Recently, the availability and experience with transrectal ultrasonography has changed this classic approach. With transrectal ultrasonography seminal vesicle obstruction or seminal vesicle cysts (Figure 8), ejaculatory duct obstruction, cysts or calculi (Figure 9) and utricular cysts (Figure 10) can be defined both preoperatively and intraoperatively. Intraoperative sonography allows confirmation as to the depth of the resection and elimination of the obstructing pathology. It does not however, document elimination of the obstruction as does visualization of dye emanating from the ejaculatory duct after resection of the obstruction. Operative vasography is still required when obstruction cannot be documented preoperatively by transrectal ultrasonography. In addition, failure of transurethral resection might be due to inadequate resection, a secondary epididymal obstruction, testicular failure or a functional obstruction. Therefore, in men with azoospermia and/or severe oligozoospermia a testicular biopsy is done to document spermatogenesis prior to transurethral resection. A 'wet prep' can be done at the time of transurethral resection to document the presence of mature spermatozoa. Several types of 'wet prep' have been described ((42),(43),(44),(45). My preference is that prescribed by Jow et al (42). In this technique after a portion of testicular parenchyma is sent in Bouins' solution for formal pathologic evaluation a second portion of testicular parenchyma is placed on a glass slide. A drop of lactated Ringers is placed on top together with a cover slip. The margins of the compressed tissue specimen is then viewed immediately under phase contrast microscopy. The presence of spermatozoa with tails confirms spermatogenesis. The presence of motile sperm suggests obstruction of the ductal system (42).
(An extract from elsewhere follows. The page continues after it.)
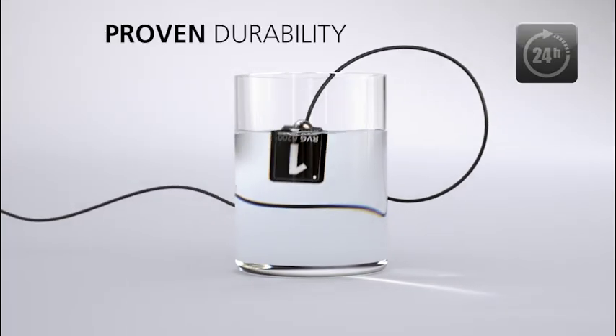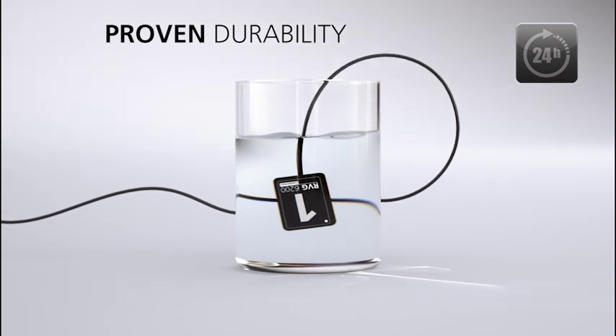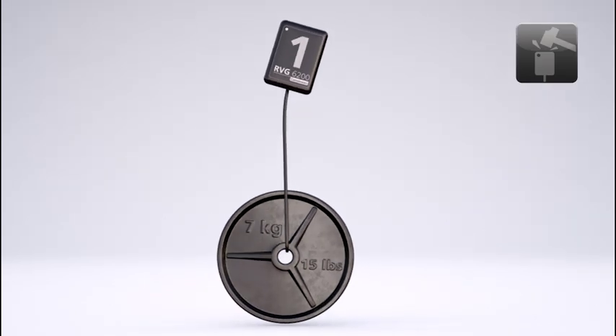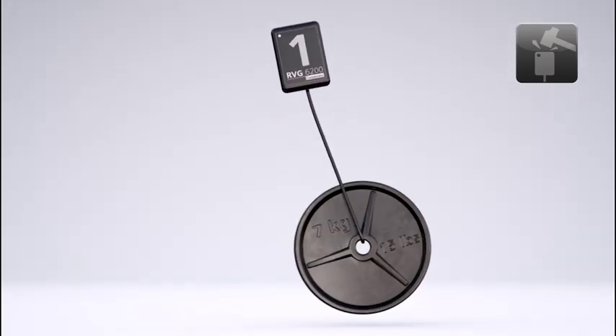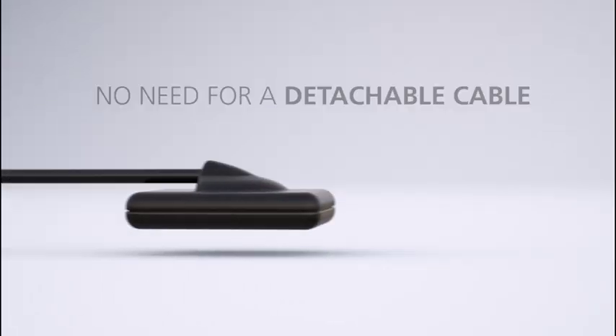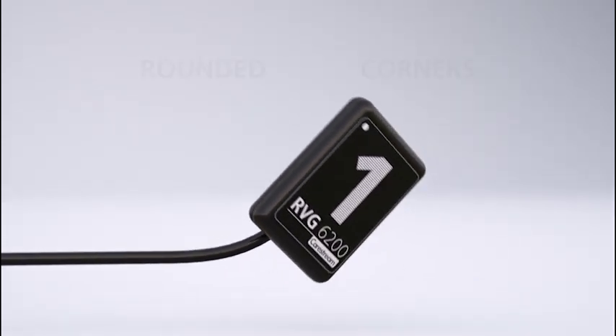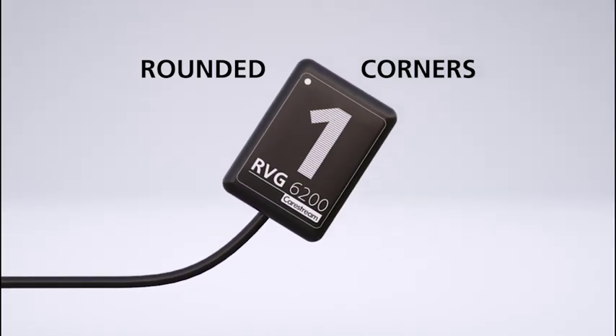Undergoing a 24-hour water immersion test, the durable hardware enables 10 years of intensive use. The cable can withstand up to 7 kilograms or 15 pounds and over 100,000 severe flexions, making a detachable cable completely obsolete. Its rounded corners further enhance patient comfort.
Transurethral Incision (TUI) and transurethral resection (TUR) are the primary surgical techniques used to treat these obstructions. TUI is used primarily for incising short strictures of the ejaculatory ducts and for the initial opening (prior to TUR) of ejaculatory ducts visualized by a dye vasogram. For lesions easily visualized by TRUS, I routinely use intraoperative transrectal ultrasonography in lieu of a formal vasotomy and vasogram In addition, all cystoscopic procedures are performed under video guidance. If a biopsy had not been done previously a bilateral testicular biopsy is done and placed in Bouin's solution for formal sections.
With the patient in a dorsal lithotomy position cystourethroscopy is performed. Particular emphasis is given to the region just lateral to the verumontanum. It often is here that one can visualize the opening to at least one ejaculatory duct. Particularly in cases of secondary subfertility following a prostatic infection the ejaculatory duct will be blocked proximal to these openings. A resectoscope with a 24f loop is used. The lesion is localized by TRUS (Figure 11A) while the resectoscope is in place. This allows for measurement of the depth of resection necessary. By simultaneous observation of both the video monitor for cytoscopy and the TRUS monitor, the length, depth and location of the lesion is determined. Resection is then done with a pure cutting current (to prevent injury to the ejaculatory duct). The removal of the lesion (or opening of the cyst) is confirmed both by TRUS and by video documentation (Figure 11B). Resection usually involves removal of the verumontanum and occasionally requires relatively deep resection in a small gland (Figure 12). This is often unnerving to the most seasoned resectionist. Intraoperative TRUS is invaluable in making this a safe and effective procedure. In addition, external sphincter injury is avoided by keeping the tip of the resectoscope at the level of the external sphincter and advancing the resectoscope loop from this anchored position. Large bleeding vessels are fulgurated with great care being taken to identify the ejaculatory ducts (and to keep clear of them) during fulguration. The patient is discharged to home the day of the procedure usually with an indwelling catheter for 24 to 48 hours. He is placed on an oral quinolone antibiotic and begun on a non-steroidal anti-inflammatory agent 24 hours after the procedure.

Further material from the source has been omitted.